Andreas Georgson

Personal information
- Full name: Karl Eric Andreas Georgson
- Date of birth: 21 February 1982 (age 44)
- Place of birth: Lomma, Sweden
- Position: Centre-back

Team information
- Current team: Tottenham Hotspur (assistant head coach) Sweden (assistant head coach)

Youth career
- GIF Nike

Senior career*
- Years: Team / Apps / (Gls)
- GIF Nike
- Rosengård

Managerial career
- 2022: Malmö (caretaker)
- 2023–2024: Lillestrøm

= Andreas Georgson =

Swedish football coach and former player and executive (born 1982)
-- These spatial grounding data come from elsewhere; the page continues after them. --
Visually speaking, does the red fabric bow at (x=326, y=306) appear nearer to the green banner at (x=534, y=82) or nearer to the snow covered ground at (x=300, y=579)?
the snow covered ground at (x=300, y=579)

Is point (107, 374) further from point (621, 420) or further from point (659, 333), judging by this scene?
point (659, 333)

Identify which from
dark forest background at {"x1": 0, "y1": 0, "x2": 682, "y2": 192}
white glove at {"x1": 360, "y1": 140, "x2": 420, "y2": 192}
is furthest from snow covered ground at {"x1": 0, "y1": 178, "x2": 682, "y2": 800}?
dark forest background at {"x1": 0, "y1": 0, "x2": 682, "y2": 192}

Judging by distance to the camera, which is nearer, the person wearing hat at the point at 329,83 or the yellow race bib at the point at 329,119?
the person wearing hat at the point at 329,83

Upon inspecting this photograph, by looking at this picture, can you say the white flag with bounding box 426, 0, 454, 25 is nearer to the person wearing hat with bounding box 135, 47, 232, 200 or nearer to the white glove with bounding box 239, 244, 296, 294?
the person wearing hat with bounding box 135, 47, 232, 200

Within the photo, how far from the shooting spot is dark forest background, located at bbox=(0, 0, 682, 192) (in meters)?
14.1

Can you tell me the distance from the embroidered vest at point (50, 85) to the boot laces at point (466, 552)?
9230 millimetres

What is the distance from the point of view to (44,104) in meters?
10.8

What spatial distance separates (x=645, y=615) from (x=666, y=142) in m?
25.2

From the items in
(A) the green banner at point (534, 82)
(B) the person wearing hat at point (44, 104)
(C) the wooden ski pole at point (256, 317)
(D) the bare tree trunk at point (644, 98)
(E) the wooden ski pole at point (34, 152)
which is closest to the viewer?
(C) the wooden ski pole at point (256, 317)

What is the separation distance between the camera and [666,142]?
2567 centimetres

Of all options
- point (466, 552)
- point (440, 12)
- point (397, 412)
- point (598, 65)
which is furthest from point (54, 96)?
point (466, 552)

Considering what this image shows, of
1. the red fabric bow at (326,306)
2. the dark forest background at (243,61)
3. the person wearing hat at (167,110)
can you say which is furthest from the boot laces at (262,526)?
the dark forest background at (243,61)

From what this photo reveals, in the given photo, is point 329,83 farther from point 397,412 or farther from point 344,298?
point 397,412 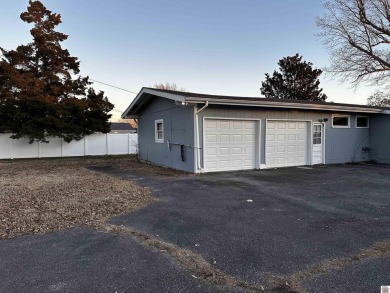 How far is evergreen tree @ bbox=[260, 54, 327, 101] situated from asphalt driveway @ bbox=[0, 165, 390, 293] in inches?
1108

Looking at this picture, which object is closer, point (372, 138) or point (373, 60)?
point (372, 138)

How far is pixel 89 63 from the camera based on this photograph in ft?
69.4

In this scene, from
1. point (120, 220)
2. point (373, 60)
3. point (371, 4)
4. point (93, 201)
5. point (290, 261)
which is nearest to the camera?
point (290, 261)

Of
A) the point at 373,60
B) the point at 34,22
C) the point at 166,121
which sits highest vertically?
the point at 34,22

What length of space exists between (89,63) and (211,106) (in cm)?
1525

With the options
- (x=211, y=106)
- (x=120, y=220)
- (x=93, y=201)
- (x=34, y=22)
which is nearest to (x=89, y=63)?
(x=34, y=22)

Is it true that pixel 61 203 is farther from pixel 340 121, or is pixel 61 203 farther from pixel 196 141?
pixel 340 121

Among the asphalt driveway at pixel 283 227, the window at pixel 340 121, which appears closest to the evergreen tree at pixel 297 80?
the window at pixel 340 121

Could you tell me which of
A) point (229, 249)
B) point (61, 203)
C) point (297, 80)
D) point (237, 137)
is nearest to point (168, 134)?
point (237, 137)

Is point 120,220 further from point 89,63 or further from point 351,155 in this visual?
point 89,63

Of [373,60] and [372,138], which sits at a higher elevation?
[373,60]

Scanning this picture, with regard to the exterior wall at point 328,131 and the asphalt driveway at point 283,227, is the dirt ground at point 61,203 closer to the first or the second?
the asphalt driveway at point 283,227

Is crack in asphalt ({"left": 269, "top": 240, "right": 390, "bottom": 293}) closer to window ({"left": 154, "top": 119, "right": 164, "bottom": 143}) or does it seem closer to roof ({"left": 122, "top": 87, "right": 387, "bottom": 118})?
roof ({"left": 122, "top": 87, "right": 387, "bottom": 118})

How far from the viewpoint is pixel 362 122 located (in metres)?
13.8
Karl Eric Andreas Georgson (born 21 February 1982) is a Swedish professional football coach and former executive and player. He is assistant coach of Premier League club Tottenham Hotspur and assistant head coach of the Sweden national team.

== Playing career ==
Born in Lomma, Skåne, Georgson started his career at hometown club GIF Nike, playing for the youth team before captaining the first-team. He also played for Rosengård and worked in the Malmö academy during his playing career.

== Coaching career ==
=== Malmö ===
Georgson began his coaching career at Malmö in 2006 and went on to hold various roles including head of youth scouting, head of methodology in the academy, under-17 head coach; he was the assistant head coach from 2018 to 2019. Following Uwe Rösler's suspension, Georgson stood in as Malmö manager in a 4–0 win against Örebro in November 2018.

=== Brentford ===
Georgson joined Brentford as the Head of Set Pieces and Individual Developments in November 2019 under head coach Thomas Frank. Georgson was noted for playing a pivotal role in Brentford's set piece efficiency, using a data-driven model for improvement.

=== Arsenal ===
After less than a year at Brentford, Georgson moved to Arsenal in August 2020 under head coach Mikel Arteta, working alongside assistant coaches Albert Stuivenberg, Steve Round, Carlos Cuesta and Miguel Molina, and goalkeeping coach Iñaki Caña. He left the club in the summer of 2021, and was replaced by set piece coach Nicolas Jover.

===Return to Malmö===
Georgson was the caretaker manager of Malmö from July to September 2022, and later served as the sporting director before leaving the club in August 2023.

=== Southampton ===
Georgson became a set piece coach at Southampton under manager Russell Martin in August 2023. He left the club in December 2023.

=== Lillestrøm ===
Georgson became head coach of Lillestrøm in January 2024, signing a three-year contract and succeeding caretaker manager Eirik Bakke.

=== Manchester United ===
Georgson became a set piece coach at Manchester United in July 2024.

=== Tottenham Hotspur ===
On 12 June 2025, it was announced that Georgson had joined Tottenham Hotspur as assistant coach, following the appointment of former Brentford head coach Thomas Frank.

==Executive career==
=== Malmö ===
In 2021, Georgson left Arsenal to rejoin Malmö, where he became the club's sporting manager under sporting director Daniel Andersson. His role included management, strategy, development, player and leader recruitment and analysis. He became sporting director following Andersson's departure in January 2022.